◆ **Exercise inputs**
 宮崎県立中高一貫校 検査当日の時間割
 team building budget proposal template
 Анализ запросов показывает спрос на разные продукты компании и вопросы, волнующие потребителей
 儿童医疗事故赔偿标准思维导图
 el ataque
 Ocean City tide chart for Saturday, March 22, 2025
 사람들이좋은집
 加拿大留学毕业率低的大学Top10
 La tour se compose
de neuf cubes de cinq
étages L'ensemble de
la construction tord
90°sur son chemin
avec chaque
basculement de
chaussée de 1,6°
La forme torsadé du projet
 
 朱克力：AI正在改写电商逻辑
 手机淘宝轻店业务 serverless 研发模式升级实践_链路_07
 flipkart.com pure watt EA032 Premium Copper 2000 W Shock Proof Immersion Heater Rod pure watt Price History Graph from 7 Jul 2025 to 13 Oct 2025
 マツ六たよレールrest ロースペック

◆ **Exercise prompt**
The records above must be repeated exactly, in their entirety.

◆ **Output for this exercise**
 宮崎県立中高一貫校 検査当日の時間割
 team building budget proposal template
 Анализ запросов показывает спрос на разные продукты компании и вопросы, волнующие потребителей
 儿童医疗事故赔偿标准思维导图
 el ataque
 Ocean City tide chart for Saturday, March 22, 2025
 사람들이좋은집
 加拿大留学毕业率低的大学Top10
 La tour se compose
de neuf cubes de cinq
étages L'ensemble de
la construction tord
90°sur son chemin
avec chaque
basculement de
chaussée de 1,6°
La forme torsadé du projet
 
 朱克力：AI正在改写电商逻辑
 手机淘宝轻店业务 serverless 研发模式升级实践_链路_07
 flipkart.com pure watt EA032 Premium Copper 2000 W Shock Proof Immersion Heater Rod pure watt Price History Graph from 7 Jul 2025 to 13 Oct 2025
 マツ六たよレールrest ロースペック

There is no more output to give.